Skip to content

Module 2: Storage & Database Systems

🚀 Problem Statement

A RAG system stores 50M document chunks with embeddings. If PostgreSQL is used for everything — metadata, vector search (pgvector), conversation history, user sessions — queries that were 20ms may eventually take 3 seconds. The single database becomes the bottleneck of the entire GenAI platform.

🧠 The Engineering Story

The Villain: "The One-Database-To-Rule-Them-All." A postgres instance handles OLTP writes, vector similarity search, full-text search, and analytics. It's a Swiss Army knife being used as a forklift.

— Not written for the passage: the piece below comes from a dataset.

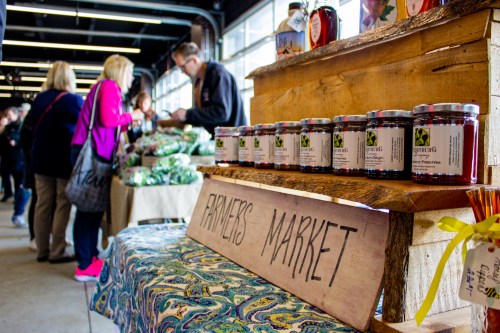 A bustling farmer's market with jars of preserves on display and shoppers browsing fresh produce.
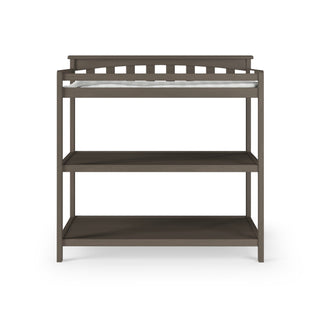 The Child Craft Flat Top Baby Changing Table in Dapper Gray features a top baby changing pad and two open storage shelves, shown against a white background.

The Hero: "The Polyglot Persistence Architect." Each data access pattern gets the storage engine optimized for it — vector DB for similarity, KV store for sessions, RDBMS for transactional metadata.

The Plot:

  1. Profile query patterns: point lookups vs range scans vs similarity search
  2. Understand B-Tree vs LSM-Tree vs HNSW indexing trade-offs
  3. Model data for each store: normalize for RDBMS, denormalize for document stores
  4. Design a coherent data architecture with clear ownership boundaries

The Twist (Failure): The Consistency Nightmare. Splitting data across multiple stores can lead to challenges; for example, a document update might require writing to postgres (metadata), Pinecone (vectors), Redis (cache invalidation), and Elasticsearch (full-text). If one fails, the system may end up in an inconsistent state.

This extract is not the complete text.